Bei Ihrer Wahl 2015 lagen Sie trotzdem bereits auf Platz vier der Liste, für die Wahlen 2019 auf Platz eins.
Vorher war lange Hansjörg Schmid aus Dinhard unser Landwirt im Kantonsrat, 2011 trat er zurück. Wir waren der Überzeugung, dass Winterthur-Land, als flächenmässig grösser Landwirtschaftsbezirk, unbedingt einen Landwirt im Kantonsrat braucht.

Was für eine Landwirtschaft entspricht Ihnen am ehesten?
Eine unternehmerische, produktionsorientierte Landwirtschaft, in der Innovationen möglich sind und eine Perspektive bietet. Sowohl für junge Bauern, als auch für Unternehmer, die eine gewisse Investitionssicherheit fordern.

Wir haben einen sehr trockenen Sommer erlebt. Müssen sich die Bauern angesichts des Klimawandels neu erfinden?
Es ist eine stetige, aber langsame Veränderung, die schon immer stattgefunden hat. Wir produzieren ja auch nicht mehr das Gleiche wie vor 200 Jahren. Das läuft parallel zum technologischen und biologischen Fortschritt sowie den gesellschaftlichen Ansprüchen. Es wird — ja muss — immer einen Wandel geben. Der Trend in der Schweiz geht immer mehr in Richtung pflanzliche Produkte, das ist für uns schwierig, denn in der Schweiz sind zwei Drittel Grasland und das müssen wir noch irgendwie veredeln.

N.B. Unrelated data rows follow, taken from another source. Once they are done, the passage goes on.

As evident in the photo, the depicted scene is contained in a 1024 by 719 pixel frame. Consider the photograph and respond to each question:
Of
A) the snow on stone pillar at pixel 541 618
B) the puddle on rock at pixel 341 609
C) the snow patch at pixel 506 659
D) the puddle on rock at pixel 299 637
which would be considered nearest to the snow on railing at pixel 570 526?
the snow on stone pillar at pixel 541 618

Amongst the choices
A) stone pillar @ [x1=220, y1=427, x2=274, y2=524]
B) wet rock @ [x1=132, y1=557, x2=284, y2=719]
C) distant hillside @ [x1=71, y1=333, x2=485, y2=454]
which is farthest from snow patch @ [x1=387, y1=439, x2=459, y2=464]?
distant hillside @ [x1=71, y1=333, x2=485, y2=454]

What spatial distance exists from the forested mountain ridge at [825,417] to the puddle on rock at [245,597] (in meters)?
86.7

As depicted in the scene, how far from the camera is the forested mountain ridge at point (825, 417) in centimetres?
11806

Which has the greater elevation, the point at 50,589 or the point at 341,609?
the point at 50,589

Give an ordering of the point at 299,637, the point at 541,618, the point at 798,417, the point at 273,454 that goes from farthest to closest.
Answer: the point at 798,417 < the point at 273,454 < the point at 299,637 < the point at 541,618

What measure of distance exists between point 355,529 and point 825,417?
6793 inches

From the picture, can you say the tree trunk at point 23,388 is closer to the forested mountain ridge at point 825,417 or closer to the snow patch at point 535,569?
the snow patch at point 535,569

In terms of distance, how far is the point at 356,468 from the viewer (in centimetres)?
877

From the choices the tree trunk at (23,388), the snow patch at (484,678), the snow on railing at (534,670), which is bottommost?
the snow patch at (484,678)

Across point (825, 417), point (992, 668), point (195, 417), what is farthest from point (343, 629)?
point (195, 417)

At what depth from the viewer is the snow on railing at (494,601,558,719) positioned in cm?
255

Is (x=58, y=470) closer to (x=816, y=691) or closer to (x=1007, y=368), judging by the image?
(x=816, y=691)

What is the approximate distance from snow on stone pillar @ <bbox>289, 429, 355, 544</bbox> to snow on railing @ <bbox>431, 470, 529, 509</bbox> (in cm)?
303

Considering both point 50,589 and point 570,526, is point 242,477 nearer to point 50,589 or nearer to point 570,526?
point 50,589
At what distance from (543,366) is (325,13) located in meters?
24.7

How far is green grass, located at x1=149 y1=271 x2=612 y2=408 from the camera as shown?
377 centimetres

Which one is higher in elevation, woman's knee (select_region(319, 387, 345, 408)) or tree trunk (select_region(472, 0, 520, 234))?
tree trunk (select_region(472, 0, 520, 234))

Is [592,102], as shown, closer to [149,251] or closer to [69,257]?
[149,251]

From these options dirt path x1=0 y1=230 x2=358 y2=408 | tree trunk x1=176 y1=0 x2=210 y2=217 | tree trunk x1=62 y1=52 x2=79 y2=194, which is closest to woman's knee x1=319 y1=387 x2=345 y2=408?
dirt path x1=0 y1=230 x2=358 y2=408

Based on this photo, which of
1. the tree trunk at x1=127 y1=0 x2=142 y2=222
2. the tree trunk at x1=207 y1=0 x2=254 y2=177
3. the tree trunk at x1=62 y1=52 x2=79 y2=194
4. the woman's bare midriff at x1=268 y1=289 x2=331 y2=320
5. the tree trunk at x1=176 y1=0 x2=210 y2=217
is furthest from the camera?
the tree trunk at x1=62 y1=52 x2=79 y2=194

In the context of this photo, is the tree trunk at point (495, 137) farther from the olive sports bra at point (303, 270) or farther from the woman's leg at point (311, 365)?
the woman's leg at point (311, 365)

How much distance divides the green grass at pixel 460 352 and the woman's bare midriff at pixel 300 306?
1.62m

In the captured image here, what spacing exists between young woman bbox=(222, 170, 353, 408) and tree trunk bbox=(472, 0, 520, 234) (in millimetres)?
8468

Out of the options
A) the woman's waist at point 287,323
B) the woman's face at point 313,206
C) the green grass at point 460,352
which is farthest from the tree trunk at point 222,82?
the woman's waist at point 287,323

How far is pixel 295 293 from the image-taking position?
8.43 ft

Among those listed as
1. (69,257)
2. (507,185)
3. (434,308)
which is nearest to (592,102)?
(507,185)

Aber sehen Sie die Trockenheit als eine zusätzliche Herausforderung an?
Ja, es ist eine Herausforderung. Besonders für Spezialkulturen weil es dort Bewässerungssysteme braucht. Aber es wird diesbezüglich auch geforscht. Etwa, welchen Gräsern die Trockenheit am wenigsten ausmacht.

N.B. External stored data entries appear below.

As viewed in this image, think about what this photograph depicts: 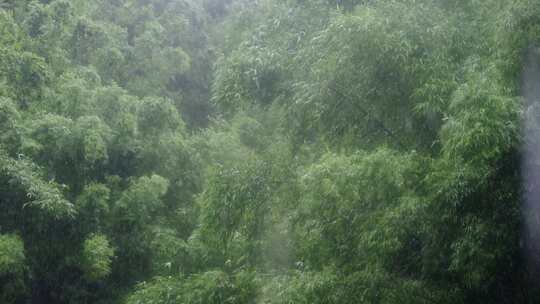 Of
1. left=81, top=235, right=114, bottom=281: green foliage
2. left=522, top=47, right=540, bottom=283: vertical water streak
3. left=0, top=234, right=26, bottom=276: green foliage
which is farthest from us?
left=81, top=235, right=114, bottom=281: green foliage

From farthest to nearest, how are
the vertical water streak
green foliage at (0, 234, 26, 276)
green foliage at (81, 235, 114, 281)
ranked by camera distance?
green foliage at (81, 235, 114, 281) < green foliage at (0, 234, 26, 276) < the vertical water streak

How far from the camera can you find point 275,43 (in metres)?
5.72

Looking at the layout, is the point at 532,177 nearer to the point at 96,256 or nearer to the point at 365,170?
the point at 365,170

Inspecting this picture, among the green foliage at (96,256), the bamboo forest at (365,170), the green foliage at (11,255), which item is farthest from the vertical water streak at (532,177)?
the green foliage at (96,256)

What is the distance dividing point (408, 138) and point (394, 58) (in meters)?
0.63

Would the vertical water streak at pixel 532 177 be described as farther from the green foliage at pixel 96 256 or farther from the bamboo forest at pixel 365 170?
the green foliage at pixel 96 256

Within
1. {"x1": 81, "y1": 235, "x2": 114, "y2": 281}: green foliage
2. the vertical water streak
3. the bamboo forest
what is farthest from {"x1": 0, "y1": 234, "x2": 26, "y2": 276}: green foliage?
the vertical water streak

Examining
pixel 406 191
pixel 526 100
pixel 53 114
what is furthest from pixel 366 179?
pixel 53 114

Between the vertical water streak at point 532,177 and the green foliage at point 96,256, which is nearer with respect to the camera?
the vertical water streak at point 532,177

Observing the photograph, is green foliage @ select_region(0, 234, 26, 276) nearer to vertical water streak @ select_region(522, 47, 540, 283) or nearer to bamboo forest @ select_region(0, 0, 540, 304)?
bamboo forest @ select_region(0, 0, 540, 304)

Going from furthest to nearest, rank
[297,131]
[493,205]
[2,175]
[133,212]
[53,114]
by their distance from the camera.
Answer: [133,212] → [53,114] → [2,175] → [297,131] → [493,205]

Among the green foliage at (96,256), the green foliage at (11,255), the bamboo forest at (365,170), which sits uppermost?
the bamboo forest at (365,170)

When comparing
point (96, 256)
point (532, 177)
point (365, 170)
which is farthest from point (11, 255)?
point (532, 177)

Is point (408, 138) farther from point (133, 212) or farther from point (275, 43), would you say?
point (133, 212) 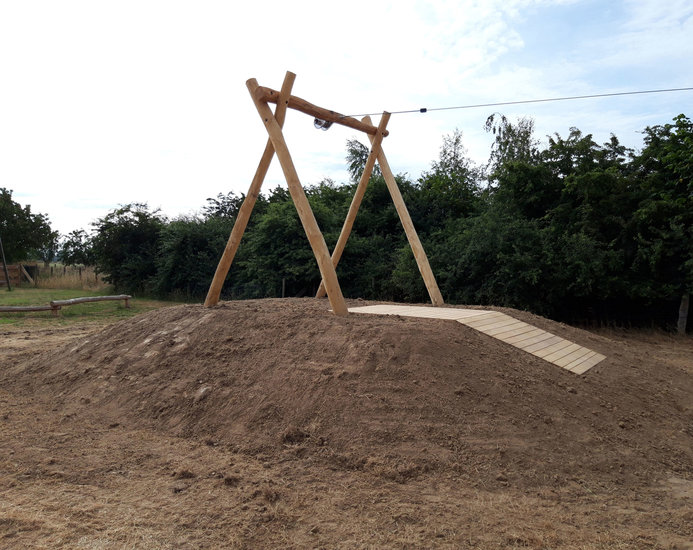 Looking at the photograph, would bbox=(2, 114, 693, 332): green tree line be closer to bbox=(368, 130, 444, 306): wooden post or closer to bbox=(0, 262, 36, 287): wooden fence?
bbox=(368, 130, 444, 306): wooden post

Die Landwirtschaft steht momentan unter Beschuss: Gleich über zwei Agrarinitiativen stimmen wir am 23. September ab.
Was ist Ihre Haltung zu den Initiativen über Ernährungssouveränität und Fair Food? Der Bauernverband hat Stimmfreigabe beschlossen, die Zücher SVP lehnt die Initiativen ab.
Die Frage ist, wieso gibt es gleich zwei Agrarinitiativen? Man ist offensichtlich nicht mit der jetzigen Agrarpolitik zufrieden. Die Landwirtschaft steht in einem Zielkonflikt zwischen der Produktion und anderen Anforderungen der Gesellschaft.

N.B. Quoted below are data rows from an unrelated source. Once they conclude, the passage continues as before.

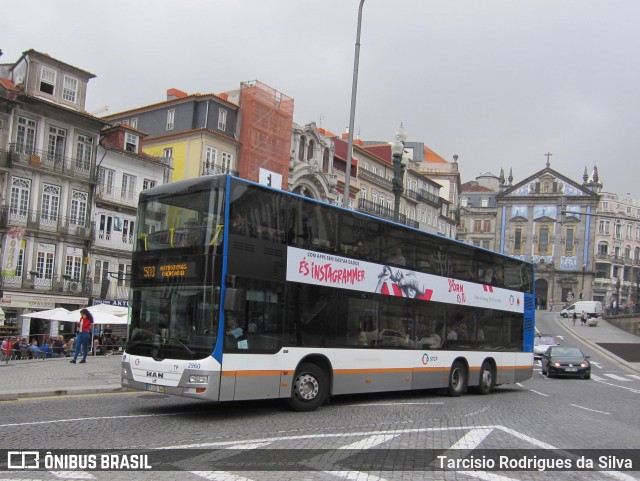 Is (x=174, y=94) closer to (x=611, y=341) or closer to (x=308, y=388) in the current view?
(x=611, y=341)

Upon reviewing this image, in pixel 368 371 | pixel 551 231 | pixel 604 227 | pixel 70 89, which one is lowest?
pixel 368 371

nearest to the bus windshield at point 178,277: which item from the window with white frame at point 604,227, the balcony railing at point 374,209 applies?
the balcony railing at point 374,209

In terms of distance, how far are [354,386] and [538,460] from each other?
5.92 meters

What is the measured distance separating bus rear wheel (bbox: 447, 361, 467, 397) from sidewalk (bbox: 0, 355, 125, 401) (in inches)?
319

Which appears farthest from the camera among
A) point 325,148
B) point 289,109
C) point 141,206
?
point 325,148

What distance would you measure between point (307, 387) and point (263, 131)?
3802 cm

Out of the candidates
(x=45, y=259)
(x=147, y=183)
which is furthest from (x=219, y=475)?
(x=147, y=183)

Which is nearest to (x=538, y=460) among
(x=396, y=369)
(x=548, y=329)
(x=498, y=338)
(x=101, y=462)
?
(x=101, y=462)

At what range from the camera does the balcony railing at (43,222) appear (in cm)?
3638

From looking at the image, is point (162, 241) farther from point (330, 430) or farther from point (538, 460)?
point (538, 460)

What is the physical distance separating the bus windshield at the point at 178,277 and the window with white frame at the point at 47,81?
28848mm

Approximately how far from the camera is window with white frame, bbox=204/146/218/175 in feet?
152

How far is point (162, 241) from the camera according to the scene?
1230cm

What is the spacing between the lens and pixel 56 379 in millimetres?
16453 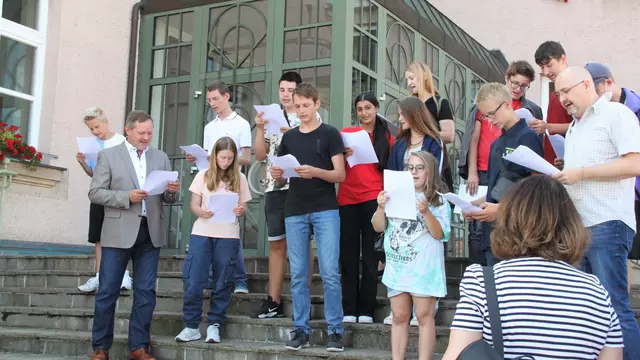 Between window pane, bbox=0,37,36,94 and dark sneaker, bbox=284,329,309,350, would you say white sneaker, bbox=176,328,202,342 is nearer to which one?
dark sneaker, bbox=284,329,309,350

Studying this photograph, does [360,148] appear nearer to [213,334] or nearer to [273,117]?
Answer: [273,117]

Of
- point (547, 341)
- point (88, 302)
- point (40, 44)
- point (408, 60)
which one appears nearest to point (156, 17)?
point (40, 44)

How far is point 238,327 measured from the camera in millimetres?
5426

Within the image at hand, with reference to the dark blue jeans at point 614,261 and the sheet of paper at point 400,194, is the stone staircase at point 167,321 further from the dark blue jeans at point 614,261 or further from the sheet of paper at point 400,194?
the dark blue jeans at point 614,261

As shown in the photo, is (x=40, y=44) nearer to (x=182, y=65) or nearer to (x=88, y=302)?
(x=182, y=65)

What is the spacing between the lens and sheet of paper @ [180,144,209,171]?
555cm

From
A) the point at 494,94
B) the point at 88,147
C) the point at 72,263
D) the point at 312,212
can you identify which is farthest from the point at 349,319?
the point at 72,263

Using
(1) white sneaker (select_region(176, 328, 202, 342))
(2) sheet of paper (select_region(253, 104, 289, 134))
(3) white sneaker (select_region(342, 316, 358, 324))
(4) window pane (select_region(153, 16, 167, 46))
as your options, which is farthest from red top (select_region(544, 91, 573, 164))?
(4) window pane (select_region(153, 16, 167, 46))

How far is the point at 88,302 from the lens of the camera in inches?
249

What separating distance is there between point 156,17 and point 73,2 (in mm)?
1017

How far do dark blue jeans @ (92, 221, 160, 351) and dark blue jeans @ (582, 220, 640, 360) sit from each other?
3.08m

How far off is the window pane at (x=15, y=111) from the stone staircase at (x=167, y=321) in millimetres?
1980

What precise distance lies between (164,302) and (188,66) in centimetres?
355

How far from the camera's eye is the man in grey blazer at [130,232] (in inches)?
199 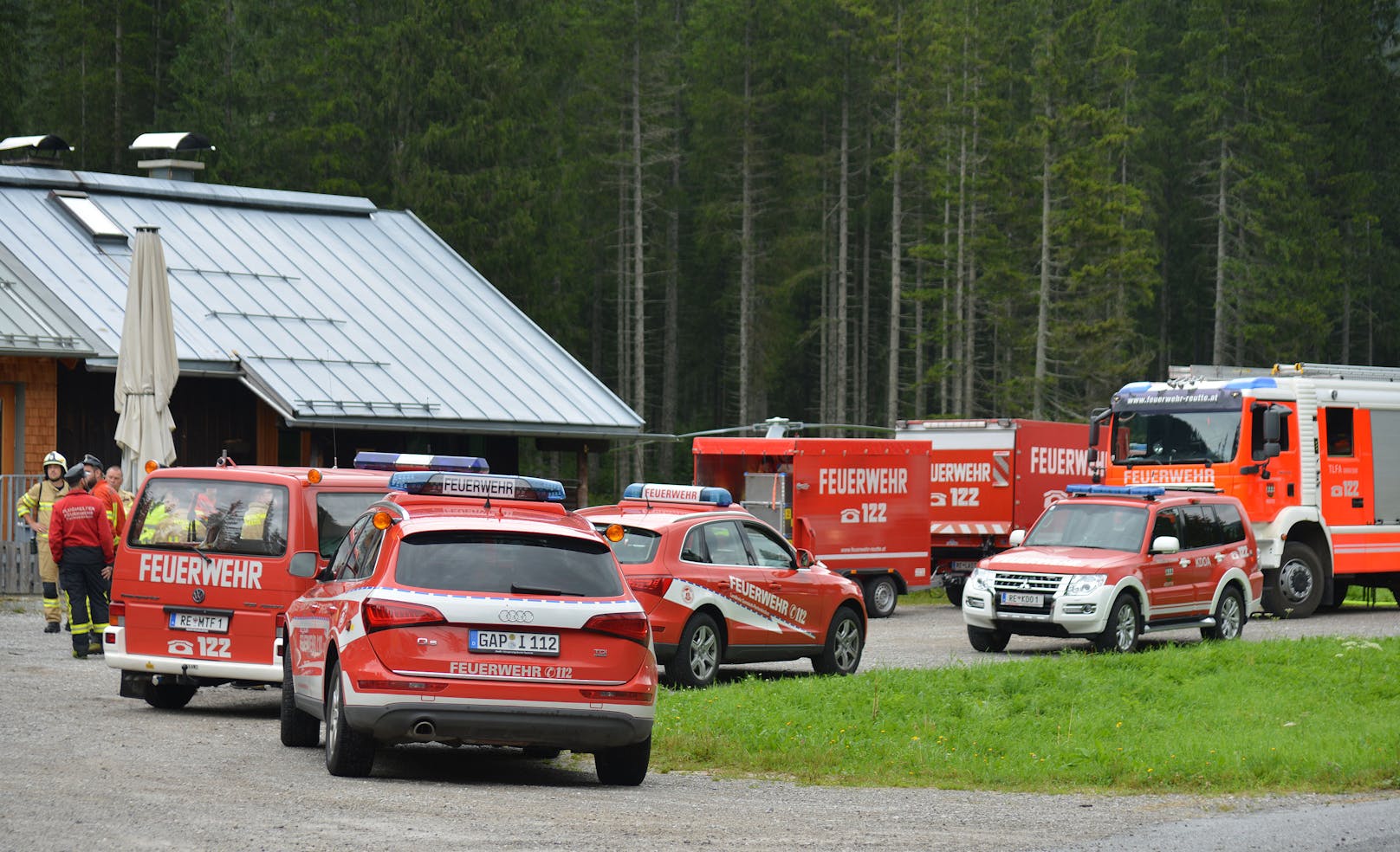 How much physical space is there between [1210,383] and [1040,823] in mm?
17166

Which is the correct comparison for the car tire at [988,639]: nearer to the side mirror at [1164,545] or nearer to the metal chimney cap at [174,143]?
the side mirror at [1164,545]

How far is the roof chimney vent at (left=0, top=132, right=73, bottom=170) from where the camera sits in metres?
32.0

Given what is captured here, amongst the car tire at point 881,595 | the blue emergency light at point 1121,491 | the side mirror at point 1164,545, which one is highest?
the blue emergency light at point 1121,491

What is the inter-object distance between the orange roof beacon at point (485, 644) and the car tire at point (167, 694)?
364cm

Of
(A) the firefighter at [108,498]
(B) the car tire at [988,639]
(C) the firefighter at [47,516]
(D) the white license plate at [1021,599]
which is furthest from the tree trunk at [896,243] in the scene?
(A) the firefighter at [108,498]

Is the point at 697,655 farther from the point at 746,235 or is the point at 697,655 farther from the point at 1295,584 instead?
the point at 746,235

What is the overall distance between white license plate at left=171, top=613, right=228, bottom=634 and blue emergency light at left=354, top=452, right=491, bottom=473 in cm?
171

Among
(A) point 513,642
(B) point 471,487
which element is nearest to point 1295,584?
(B) point 471,487

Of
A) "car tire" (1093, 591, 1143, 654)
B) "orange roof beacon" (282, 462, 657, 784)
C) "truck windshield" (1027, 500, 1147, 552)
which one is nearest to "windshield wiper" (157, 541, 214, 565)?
"orange roof beacon" (282, 462, 657, 784)

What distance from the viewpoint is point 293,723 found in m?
11.8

Letzten Herbst sagte das Stimmvolk deutlich ja, die Ernährungssicherheit in die Verfassung aufzunehmen.
Ja, der Bundesrat hätte also eine Grundlage, um Gesetze zu verabschieden, wie sie nun von den Initiativen gefordert werden, auch in punkto Nachhaltigkeit. Aber er ist offenbar nicht bereit dazu. Ich verstehe deshalb die Bauern, die nun Druck machen wollen, weil sich nichts ändert, quasi im Sinne einer Durchsetzungsinitiative.

Woher kommt denn die von Ihnen angesprochene Unzufriedenheit in der Agrarpolitik?
Ich glaube, den Leuten ist es wichtig, zu wissen, woher ihr Essen kommt.Ich gehe aber nicht davon aus, dass die Initiativen angenommen werden. Sie sind jedoch noch einmal ein Zeichen an den Bundesrat.

Könnte man die Verantwortung nicht einfach den Konsumenten überlassen?
Ich bin grundsätzlich für die Wahlfreiheit, aber ich bin auch für faire Rahmenbedingungen und die haben wir momentan nicht. Bezüglich Tierschutzgesetzen ist nichts deklariert. Wenn das so wäre, dann hätte man Wahlfreiheit. Das Gleiche ist mit positiven Deklarationen: Wenn wir ein Produkt ohne gentechnisch veränderte Organismen verkaufen, dürfen wir das nicht draufschreiben. Dann wirkt unser Produkt wie eines aus dem Ausland, das hingegen oftmals gentechnisch verändert worden ist.

(Der Landbote)

Erstellt: 12.09.2018, 17:57 Uhr

Zur Person

Martin Hübscher, 49-jährig, hat ursprünglich Landwirt gelernt. Später schloss er ein Studium zum Agraringenieur ab. Der Hof in Liebensberg, den er zusammen mit seiner Frau führt, ist auf Milch- und Obstproduktion spezialisiert. Seine Frau gibt Floristikkurse. Erste politische Erfahrungen sammelte Hübscher nach seinem Studium in der Junglandwirtenkommission des Schweizerischen Bauernverbandes. Danach präsidierte er während mehr als einem Jahrzehnt den Bauernverband des Bezirks Winterthur. Im Vorstand des Zürcher Bauernverbands ist er bis heute tätig. Seit 2015 vertritt er die SVP im Kantonsrat.